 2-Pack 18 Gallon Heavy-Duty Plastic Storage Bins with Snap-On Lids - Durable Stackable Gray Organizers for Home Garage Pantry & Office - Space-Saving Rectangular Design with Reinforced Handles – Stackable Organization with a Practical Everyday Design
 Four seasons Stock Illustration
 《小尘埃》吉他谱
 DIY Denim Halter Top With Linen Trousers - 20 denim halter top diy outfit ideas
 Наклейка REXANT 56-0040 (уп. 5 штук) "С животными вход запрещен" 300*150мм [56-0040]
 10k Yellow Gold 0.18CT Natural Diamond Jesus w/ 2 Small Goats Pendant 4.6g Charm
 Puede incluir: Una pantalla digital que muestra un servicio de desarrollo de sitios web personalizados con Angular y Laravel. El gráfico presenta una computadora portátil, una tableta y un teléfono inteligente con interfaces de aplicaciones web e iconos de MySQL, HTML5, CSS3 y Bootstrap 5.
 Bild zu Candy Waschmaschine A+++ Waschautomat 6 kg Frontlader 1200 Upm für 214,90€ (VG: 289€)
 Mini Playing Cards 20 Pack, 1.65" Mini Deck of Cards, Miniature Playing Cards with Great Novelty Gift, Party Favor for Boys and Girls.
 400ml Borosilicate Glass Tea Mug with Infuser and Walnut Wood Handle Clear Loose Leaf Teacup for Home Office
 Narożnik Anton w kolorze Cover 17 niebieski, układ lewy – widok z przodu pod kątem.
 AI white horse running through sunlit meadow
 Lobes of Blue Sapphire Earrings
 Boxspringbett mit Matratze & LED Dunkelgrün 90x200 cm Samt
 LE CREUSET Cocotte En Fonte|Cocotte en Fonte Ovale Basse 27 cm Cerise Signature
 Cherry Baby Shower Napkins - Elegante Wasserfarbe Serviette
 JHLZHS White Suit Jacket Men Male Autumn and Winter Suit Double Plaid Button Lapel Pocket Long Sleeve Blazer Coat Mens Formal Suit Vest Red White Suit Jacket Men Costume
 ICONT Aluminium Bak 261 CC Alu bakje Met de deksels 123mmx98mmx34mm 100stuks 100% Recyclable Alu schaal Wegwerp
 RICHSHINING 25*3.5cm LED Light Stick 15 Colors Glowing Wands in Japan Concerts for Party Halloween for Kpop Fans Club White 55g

§ What you have to do
Go through the data and show each line that holds "Party".

§ Solved problem
 Mini Playing Cards 20 Pack, 1.65" Mini Deck of Cards, Miniature Playing Cards with Great Novelty Gift, Party Favor for Boys and Girls.
 RICHSHINING 25*3.5cm LED Light Stick 15 Colors Glowing Wands in Japan Concerts for Party Halloween for Kpop Fans Club White 55g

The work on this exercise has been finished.